-------- Entries shown --------

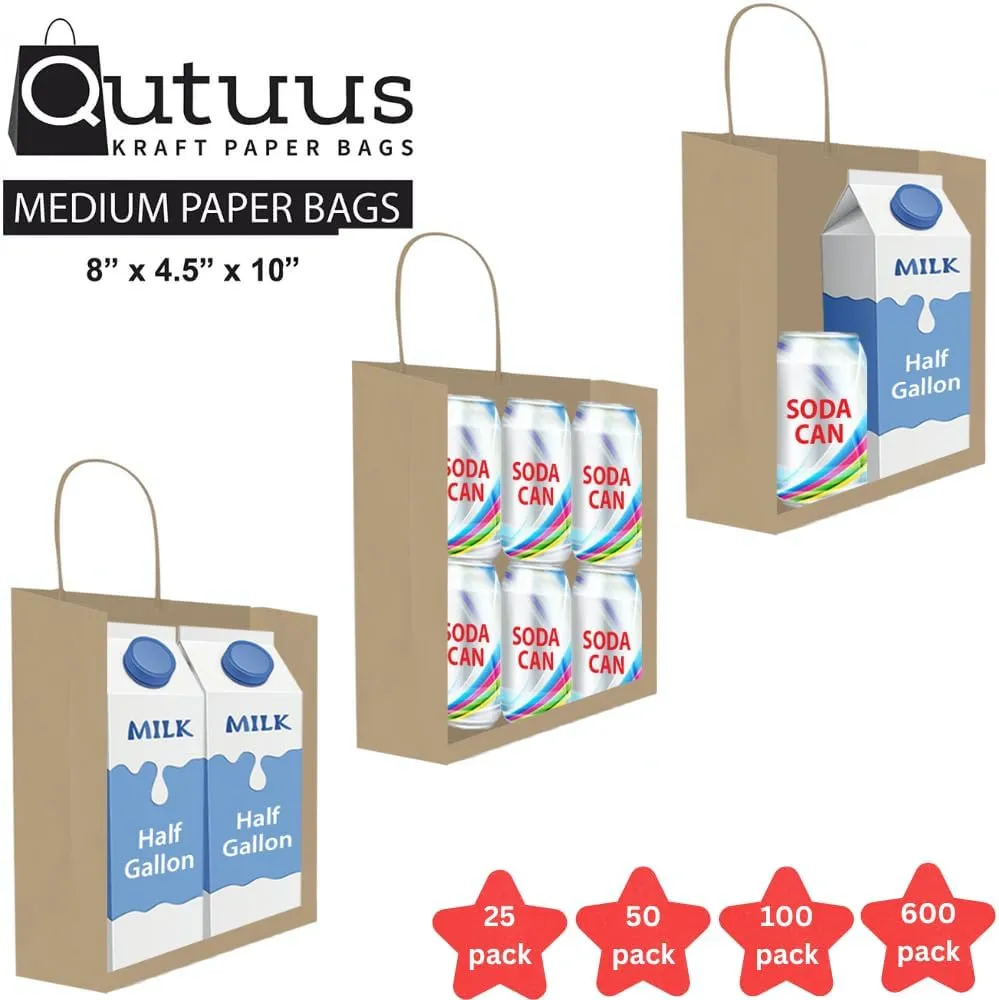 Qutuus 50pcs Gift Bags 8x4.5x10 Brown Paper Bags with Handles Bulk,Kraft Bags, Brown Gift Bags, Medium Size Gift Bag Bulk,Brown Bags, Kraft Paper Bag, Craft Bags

--------
-------- Entries shown --------

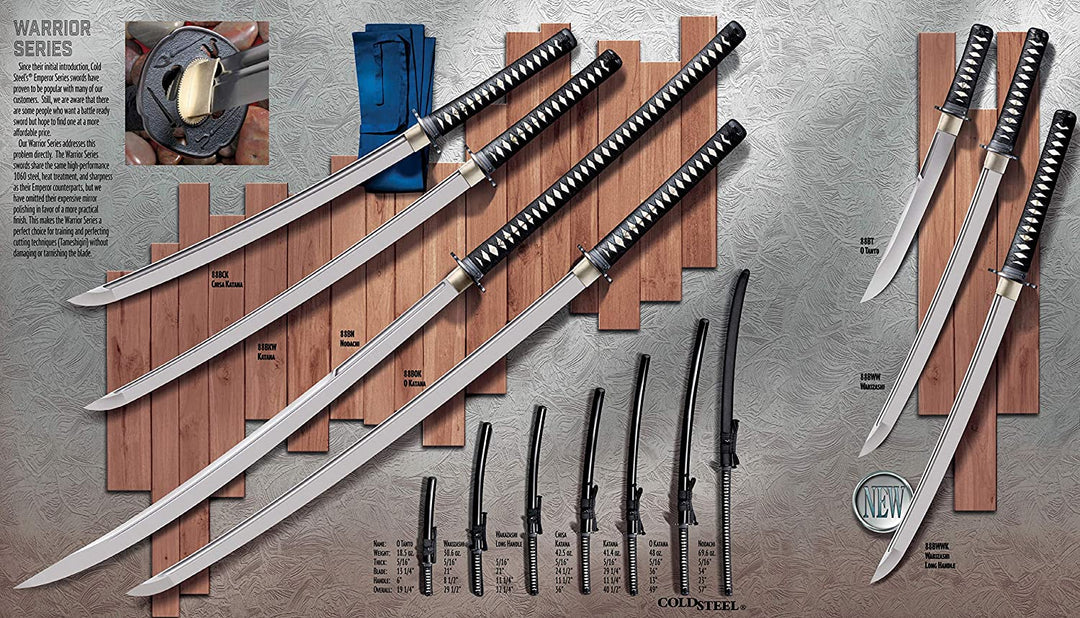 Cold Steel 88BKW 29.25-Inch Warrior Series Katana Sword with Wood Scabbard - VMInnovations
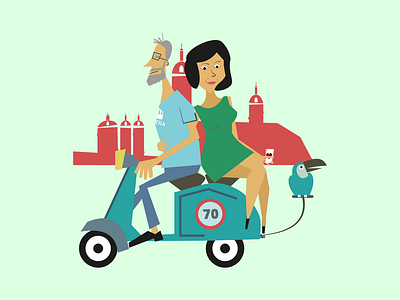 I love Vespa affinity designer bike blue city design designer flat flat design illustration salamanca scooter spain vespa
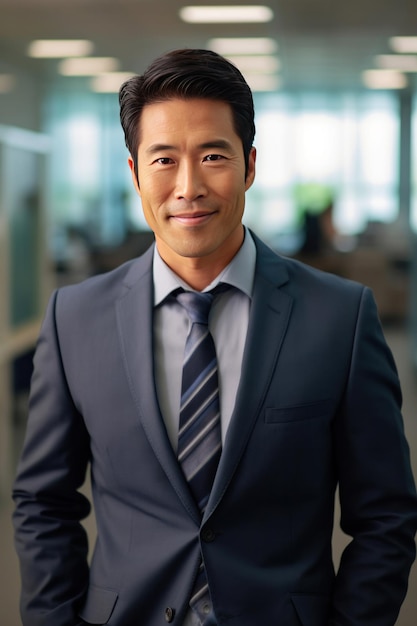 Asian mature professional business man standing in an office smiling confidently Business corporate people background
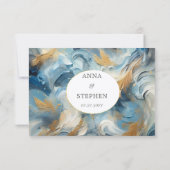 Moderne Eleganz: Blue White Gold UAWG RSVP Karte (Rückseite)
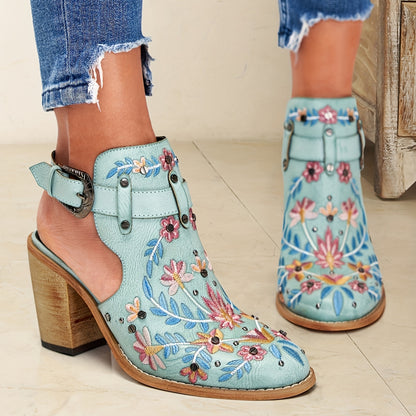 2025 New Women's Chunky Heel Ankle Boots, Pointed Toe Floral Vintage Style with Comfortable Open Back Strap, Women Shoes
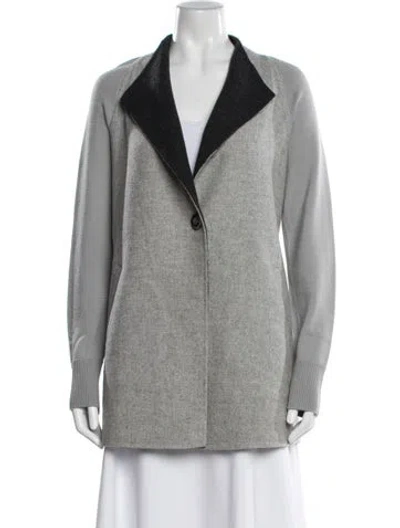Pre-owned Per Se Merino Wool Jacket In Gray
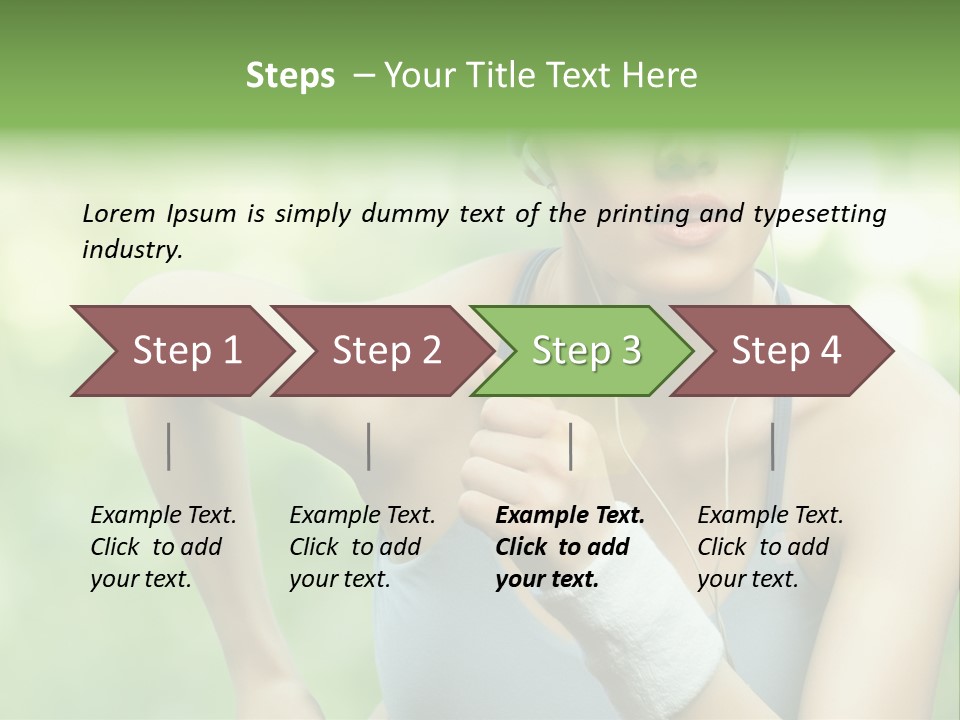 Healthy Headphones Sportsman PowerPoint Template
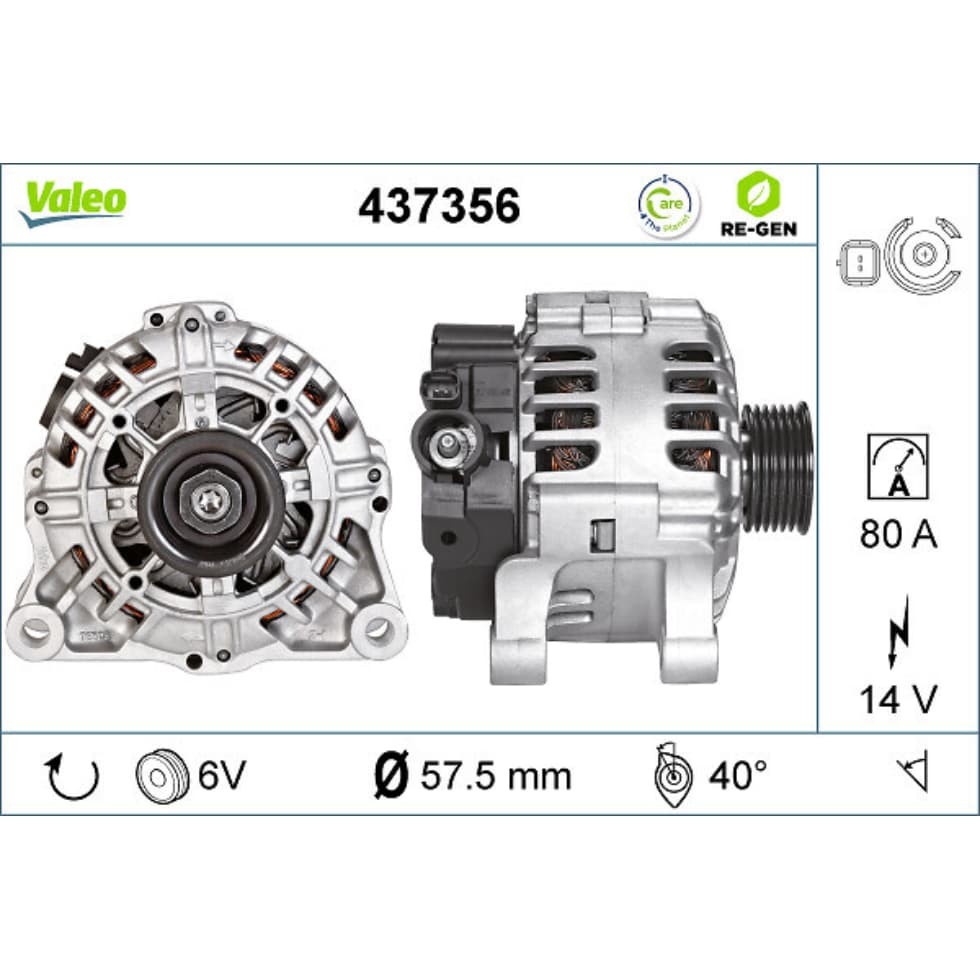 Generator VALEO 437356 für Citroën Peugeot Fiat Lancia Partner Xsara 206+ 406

--------
-------- Entries shown --------

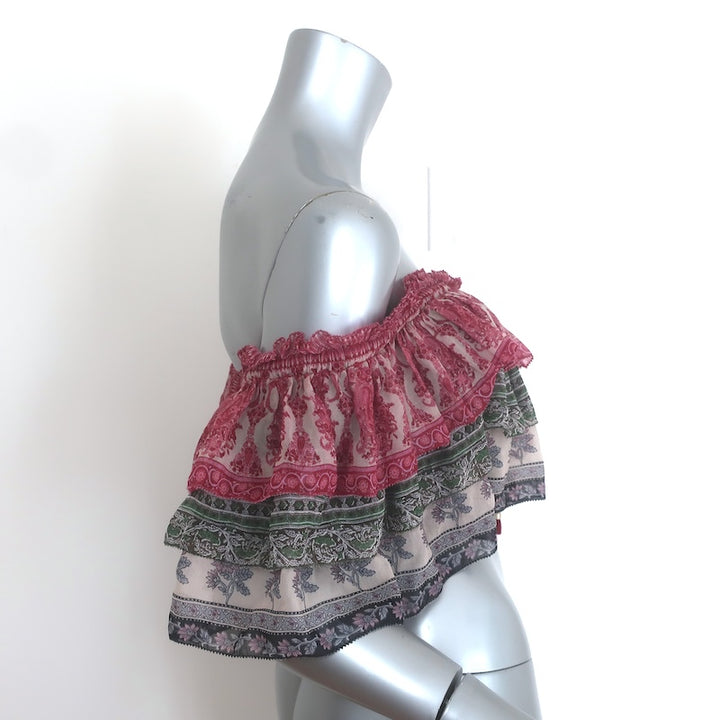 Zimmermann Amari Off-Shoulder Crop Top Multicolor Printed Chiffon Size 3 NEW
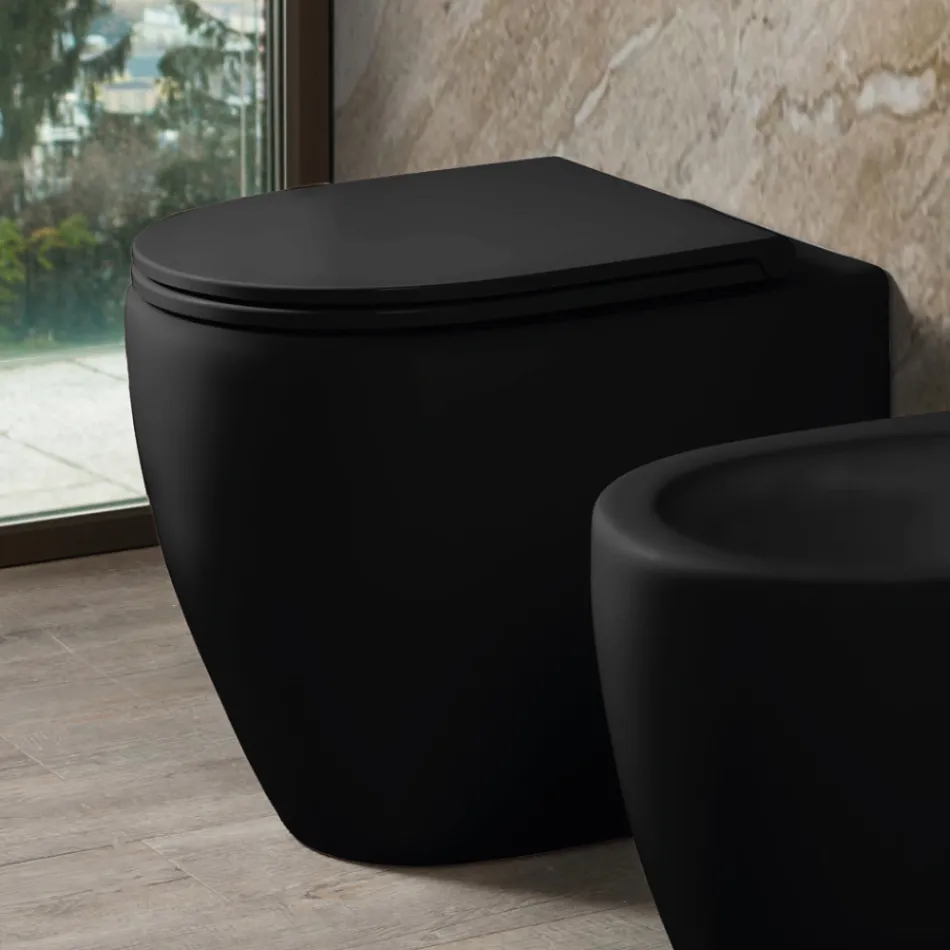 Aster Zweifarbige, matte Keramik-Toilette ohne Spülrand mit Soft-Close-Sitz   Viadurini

--------

▶ Task to carry out: Copy the lines above exactly, starting at the one with "Pre-owned Per Se Merino Wool Jacket In Gray" and ending at the one with "Generator VALEO 437356", both included. Leave out any pictures and add nothing else.

▶ Task solution:
Pre-owned Per Se Merino Wool Jacket In Gray
 Healthy Headphones Sportsman PowerPoint Template
 Generator VALEO 437356 für Citroën Peugeot Fiat Lancia Partner Xsara 206+ 406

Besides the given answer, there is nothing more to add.